We respect our food and when we prepare the meal for our table, it is sacred self-time. We place the food in front of our guests as offerings, elevating the produce as altar food – the future of food indeed lies in the past.
Beetroot soup with lemon yogurt
Oven roasts 1 kg fresh beets until tender. Skin. Gently fry a finely chopped onion, ½ tsp of cumin and 2 garlic cloves in olive oil and butter until tender. Add the beets. Add 500 ml of vegetable stock. Season with salt and white pepper. Dollop with double thick Greek yogurt that you have mixed with lemon zest.
Raw red cabbage salad
Make a buttermilk dressing: pound 2 star anise pods in a pestle and mortar until fine, add 1 tsp sumac, 1 tbsp whole grain mustard, milled pepper, salt and 2 cups of buttermilk or amazi.
Finely slice a medium size red cabbage, press the juice of 1 lemon and 1 orange over the cabbage. Dry fry pumpkin seeds until toasted. Cube the best Roquefort cheese that you can get. Cut a pear into slices and toss in lemon water. Slice a few spring onions.

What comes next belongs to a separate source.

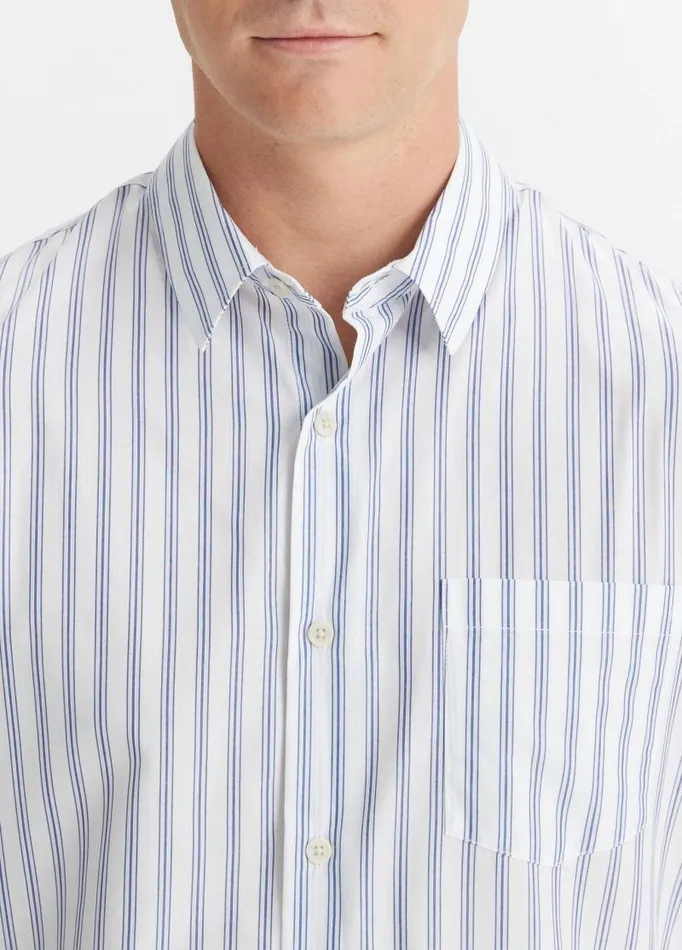Men Shirts Vince Surf Stripe LongSleeve Shirt Optic Whiteroyal Blue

Arrange the salad; add the cheese, pears and onions. Pour the dressing over. Top with toasted seeds and sliced Clanwilliam oranges.

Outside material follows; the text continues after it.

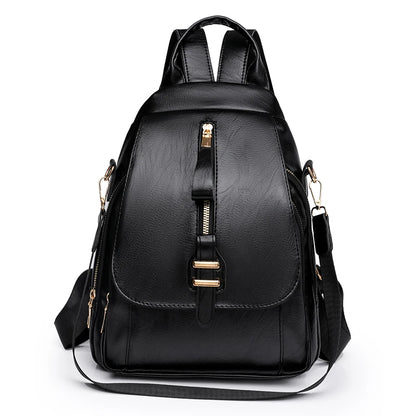 Large Capacity Solid Color Designer Women's Backpack Waterproof Wear-resistant High-quality Leather Travel Back Pack For Women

Serve this delicious fish with Pernod, fennel and caper cream, roasted sweet potatoes, grilled blood oranges, buttered lemons and pan friend green beans.
Oven roasted Kabeljou
Dry the kabeljou, season with salt and black pepper. Pre-heat your oven to the highest possible temperature. Heat a buttered and oiled griddle pan under the grill. When the pan is smoking hot take it from the oven, place the fish skin side down on the pan and take back to the oven. Roast under the grill for no more than 8 minutes. Serve with Pernod, fennel and caper cream
Pernod, caper and fennel cream
Add 500 ml crème fresh or cream to a saucepan; add 1 tbps Pernod; reduce by half. Add 150g of cold cubes of butter that you whisk in one by one. Add 1 tsp fine chopped fennel leaves and 2 tbsp of capers
Delicious Pear and coconut pie
One of the dishes I remember from childhood is my mother’s pear pie. It was regularly served on greyish-white Noritake side plates with cream from the farm. She made delicious tea in the silver teapot, set the tea table with the silver sugar pot and milk jug, tiny apostle forks and teaspoons, small tea serviettes and a posy of garden flowers next to the tea. Then we sat down and imagined that we were royalty.
Core and cook 10 winter pears in a little water for 15 minutes – remove from the heat and cool.
Mix 4 large farm eggs with 2 cups of white sugar and 1 cup of desiccated
Coconut. Add 3 tablespoons of melted butter and half a cup of full cream milk. Sift 2 cups of self-raising flour three times and stir in the sugar mixture little by little with a wooden spoon. I always do this using the figure-of-eight method – then the mixture is nice and fluffy.
Pour the mixture into a buttered pie dish and add the pears. Now
Sprinkle over a spoon or so of brown sugar and off to the oven it goes. Bake at 180C. After half an hour, you can lower the temperature to 150 C. Bake until the tart is done in the middle.
Add one tin of evaporated milk in a small saucepan together with 1 cup
of brown sugar, 1 tablespoon of vanilla (if you can get fresh pods, so much the better) a pinch of fine white pepper and half a teaspoon of cinnamon. Heat and pour over the tart when it comes out of the oven.